I am not sure if this is ideal but I hope this helps! It seems to work for me.

Best, Sam

schifferl commented 3 years ago

Hi @zhuzn, this bug has been patched in release and devel. The changes may take a day or so to show up in the Bioconductor builds. It was simply a matter of coercing to matrix first as @szimmerman92 suggested. Also, @szimmerman92...

"However, if you want to then merge multiple dataframes together, this become computationally very difficult. So I found a function native to the R package Seurat, that directly merges sparse matrices together."

much of the time is rather spent realizing the sparse matrix objects in memory; the merging should be very efficient. We'll skip adding Seurat for now because it would be a big dependency to add for a single function.

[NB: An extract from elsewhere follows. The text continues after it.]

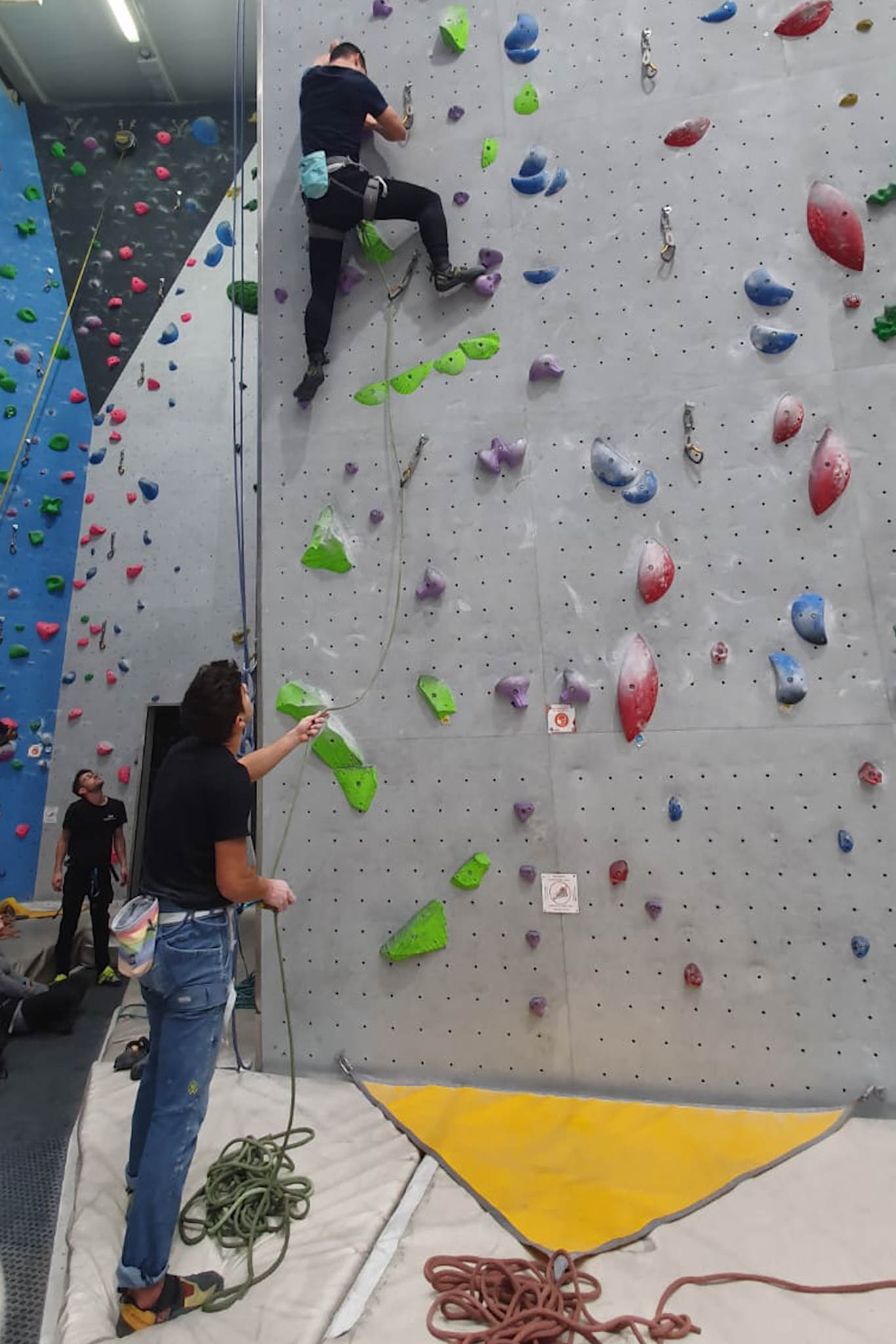 Felix leading a climb with a 5 rating, and Angel belaying.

Finally, just be aware @zhuzn that your code at the top of the thread will attempt to merge gene_families from 10 studies and you'll need a huge amount of memory (each matrix is ~ 4M rows). We don't have a nice solution for that problem just yet, but perhaps in the future. Anyway, to verify the bug was resolved, I ran all of the following examples.

sampleMetadata |>
    dplyr::filter(stringr::str_detect(study_name, "AsnicarF_2017|LassalleF_2017")) |>
    dplyr::select(where(~ !base::all(base::is.na(.x)))) |>
    returnSamples("gene_families")

sampleMetadata |>
    dplyr::filter(stringr::str_detect(study_name, "AsnicarF_2017|LassalleF_2017")) |>
    dplyr::select(where(~ !base::all(base::is.na(.x)))) |>
    returnSamples("marker_abundance")

sampleMetadata |>
    dplyr::filter(stringr::str_detect(study_name, "AsnicarF_2017|LassalleF_2017")) |>
    dplyr::select(where(~ !base::all(base::is.na(.x)))) |>
    returnSamples("marker_presence")

sampleMetadata |>
    dplyr::filter(stringr::str_detect(study_name, "AsnicarF_2017|LassalleF_2017")) |>
    dplyr::select(where(~ !base::all(base::is.na(.x)))) |>
    returnSamples("pathway_abundance")

sampleMetadata |>
    dplyr::filter(stringr::str_detect(study_name, "AsnicarF_2017|LassalleF_2017")) |>
    dplyr::select(where(~ !base::all(base::is.na(.x)))) |>
    returnSamples("pathway_coverage")

sampleMetadata |>
    dplyr::filter(stringr::str_detect(study_name, "AsnicarF_2017|LassalleF_2017")) |>
    dplyr::select(where(~ !base::all(base::is.na(.x)))) |>
    returnSamples("relative_abundance")